- [Given data]

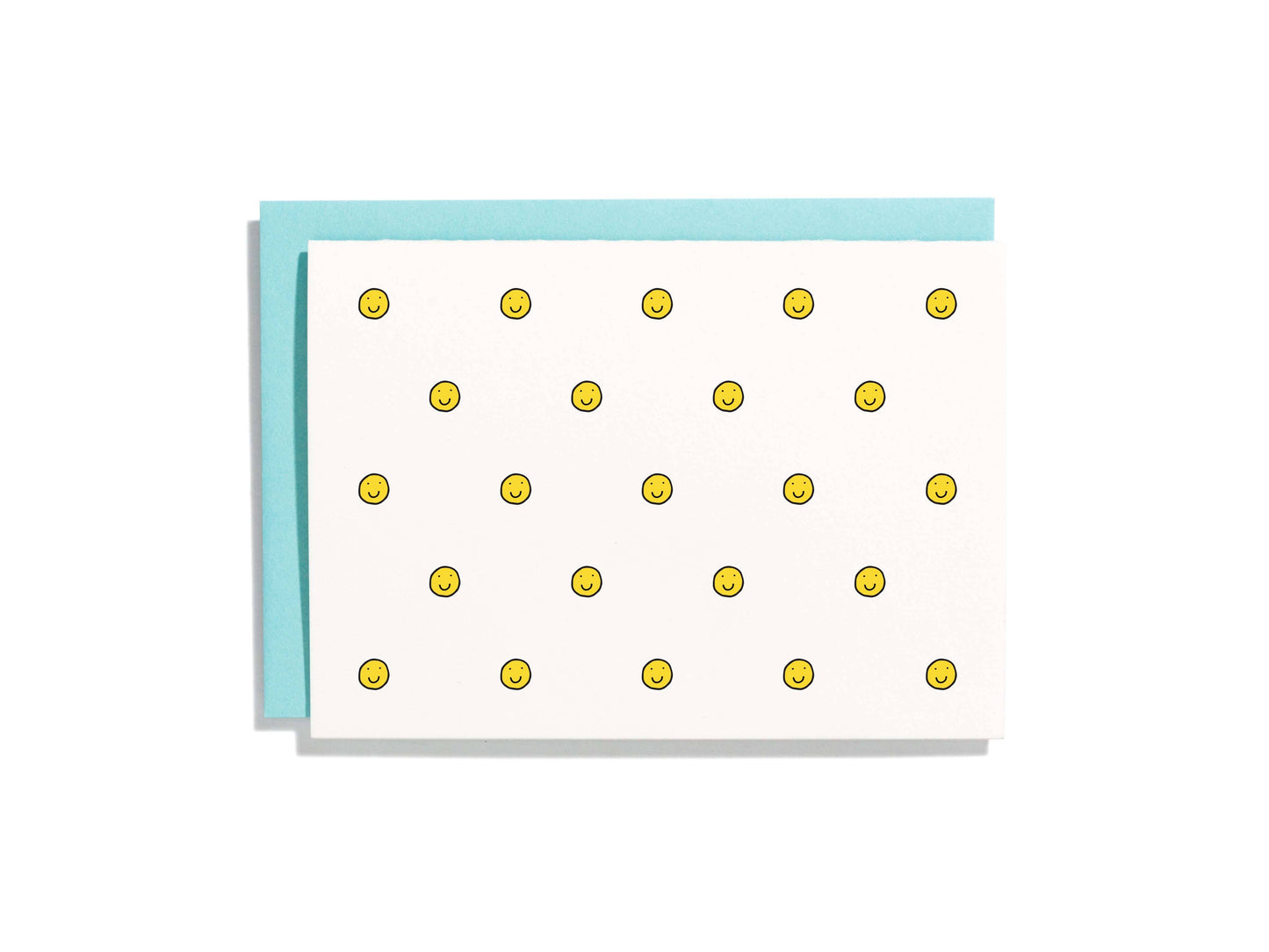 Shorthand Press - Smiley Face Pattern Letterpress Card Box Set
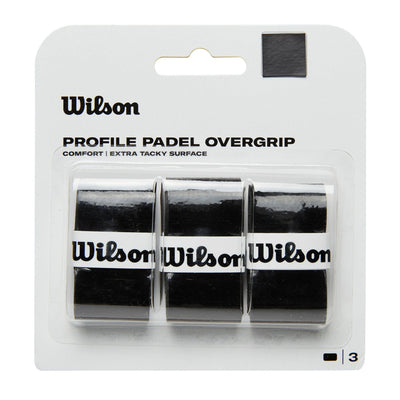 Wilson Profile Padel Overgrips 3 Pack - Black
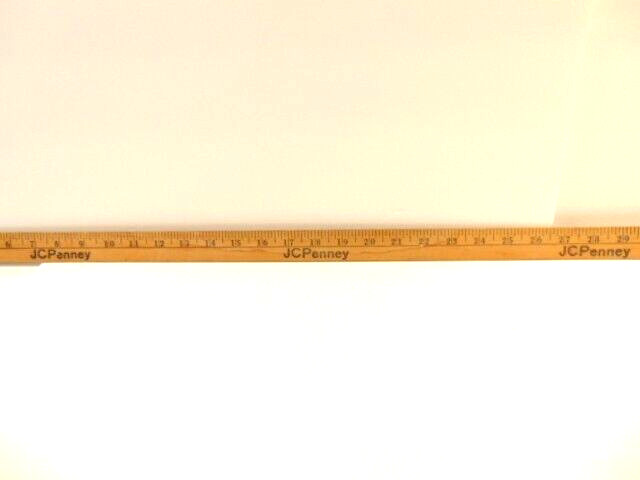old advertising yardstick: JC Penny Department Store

---

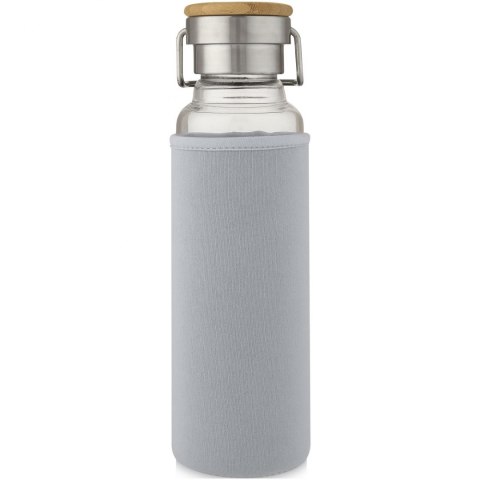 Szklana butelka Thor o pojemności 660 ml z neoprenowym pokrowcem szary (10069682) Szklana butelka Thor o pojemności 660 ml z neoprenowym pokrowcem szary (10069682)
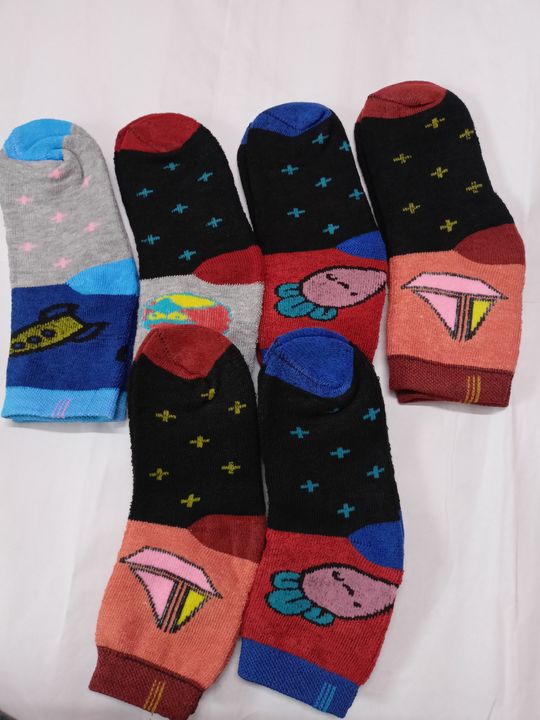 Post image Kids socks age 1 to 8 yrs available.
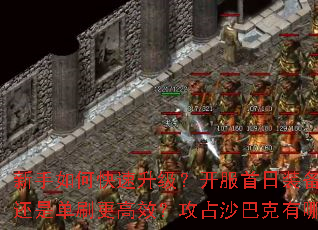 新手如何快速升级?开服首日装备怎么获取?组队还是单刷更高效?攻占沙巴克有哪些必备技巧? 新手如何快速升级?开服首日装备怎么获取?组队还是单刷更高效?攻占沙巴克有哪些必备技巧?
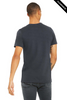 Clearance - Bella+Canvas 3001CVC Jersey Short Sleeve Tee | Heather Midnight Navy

...

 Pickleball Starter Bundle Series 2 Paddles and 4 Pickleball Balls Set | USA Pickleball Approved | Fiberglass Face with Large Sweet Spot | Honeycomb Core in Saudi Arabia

- [About this task]
Only one part of the material above is wanted: the lines from the one with "Wilson Profile Padel" up to and including the one with "old advertising yardstick: JC". Please copy them exactly, pictures left out.

- [Task output]
 Wilson Profile Padel Overgrips 3 Pack - Black
old advertising yardstick: JC Penny Department Store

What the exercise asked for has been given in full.